Collecting feedback isn’t as crucial as how you triage it later. My take on this is to open as many channels as possible and gather feedback from as many places as you can. The more you limit the way your customers can interact with you, the less likely they’ll be willing to do so.
It is usually at the step of managing and organizing that a lot of product teams have issues. Having a feedback management system can be an absolute game changer here. Keep things tidy and organized, and make sure you’re able to close that feedback loop. The most delightful thing YOU can do for your customer is to thank them, let them know their feedback was heard, and that you managed to implement a change thanks to them. I can’t think of a better way of creating a strong brand loyalty program than through something as simple as a “thank you.”
Ok, let’s talk numbers. Let’s face it, in the world of product management, if you can’t measure it, it might as well not exist.
Brand loyalty is actually a really difficult thing to measure. Experiences are often intangible, but there are some indicators you can look at to gauge how things are going.
This is a big one. Churn rates should give you a clear indicator of customer satisfaction and loyalty.
If your churn rate is high, it’s a sign that you’re not meeting your customers’ expectations and they’re jumping ship.
This metric tells you how many of your customers are using the features you release. High feature adoption rates can be a sign of strong brand loyalty, as it shows that your customers trust your product updates and are willing to try out new things.
This is all about the money. Repeat annual recurring revenue (ARR) or monthly recurring revenue (MRR) measures how much revenue you’re getting from repeat customers. The higher this number, the more loyal your customers are.

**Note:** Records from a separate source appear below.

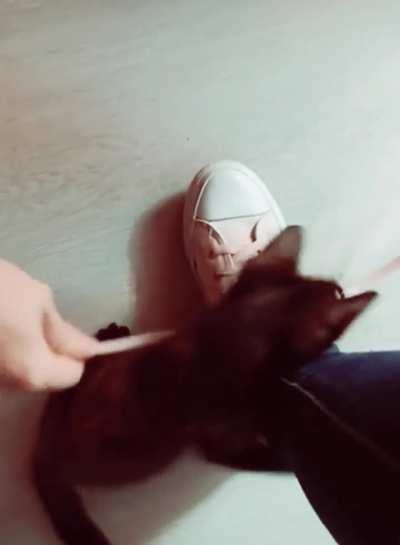 The Monster of the Lace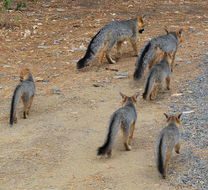 Image of gray fox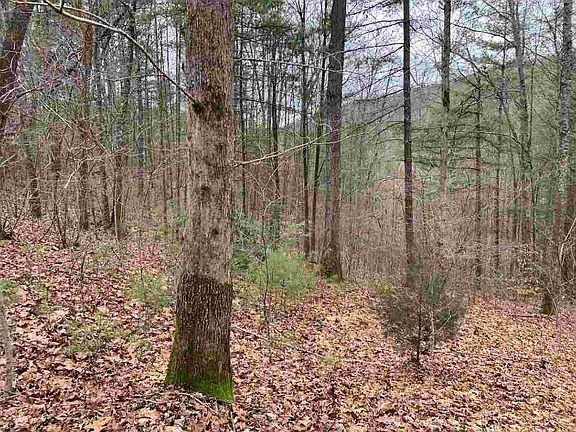5th image of LOT 21 Sugar Maple Way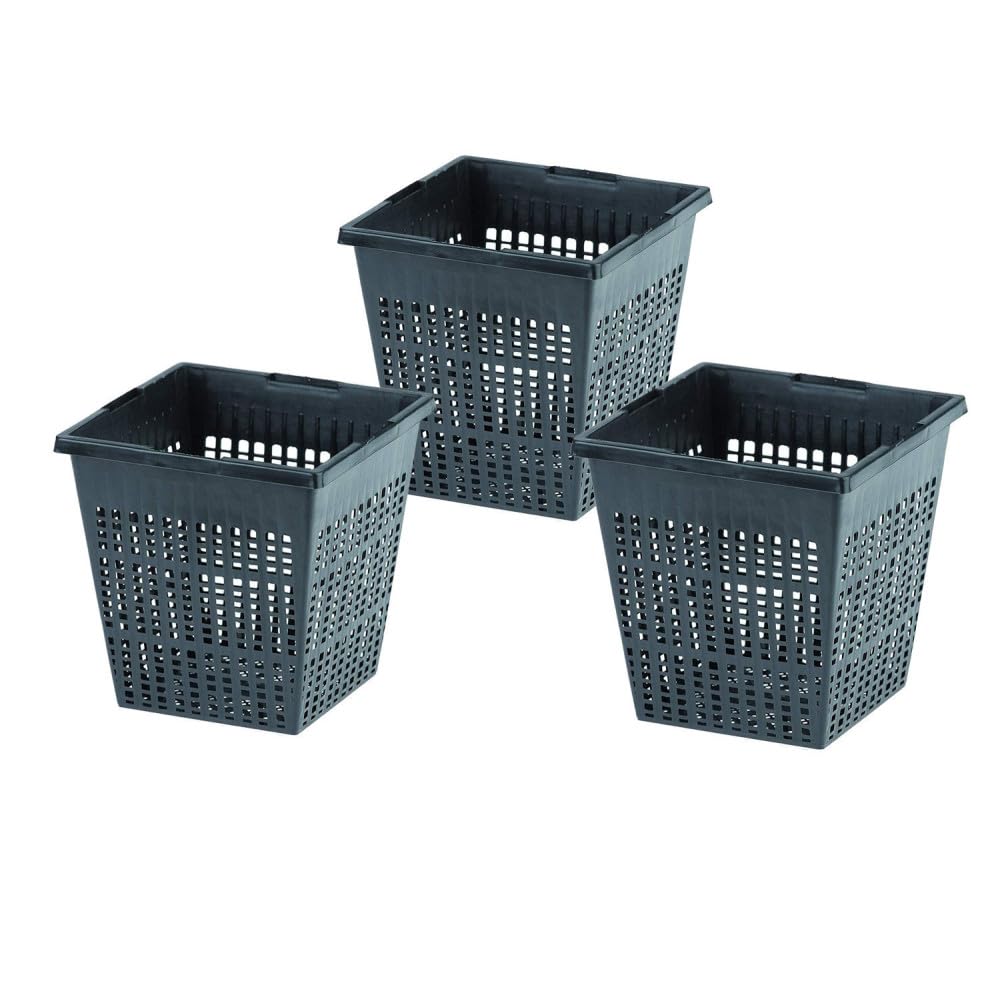 animallparadise - Lot de 10 Paniers, Taille 11 x 11 x 11 cm, pour Bassin Aquatique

This is a metric that allows you to measure the difficulty a user experiences when interacting with a new feature, finding help, or even just navigating through your platform. The higher the difficulty, the more likely it is that you’re creating a negative experience for the user.
Now before we go any further, let’s address the elephant in the room: net promoter score (NPS). You might be wondering why it’s not on this list.
Here’s the thing — NPS is a terrible idea. Yes, it’s a popular metric, and yes, it’s easy to measure. But it’s a single number that doesn’t give you any insight into why customers are behaving the way they are. It doesn’t tell you what you’re doing right, what you’re doing wrong, or what you can do to improve. You can argue some lagging metrics can’t either, but there are better ways of figuring out where the problem is rather than sending a survey that has quite honestly become nothing other than a black pattern.
As product managers, we’re in a unique position to influence brand loyalty. We’re at the intersection of business, technology, and user experience, and we have the power to create products that not only meet our customers’ needs but also build a strong emotional connection.
Let’s embrace this opportunity and put brand loyalty at the top of our priority list. Let’s work closely with our teams, listen to our customers, and strive to create products that people love. At the end of the day, that’s what product management is all about.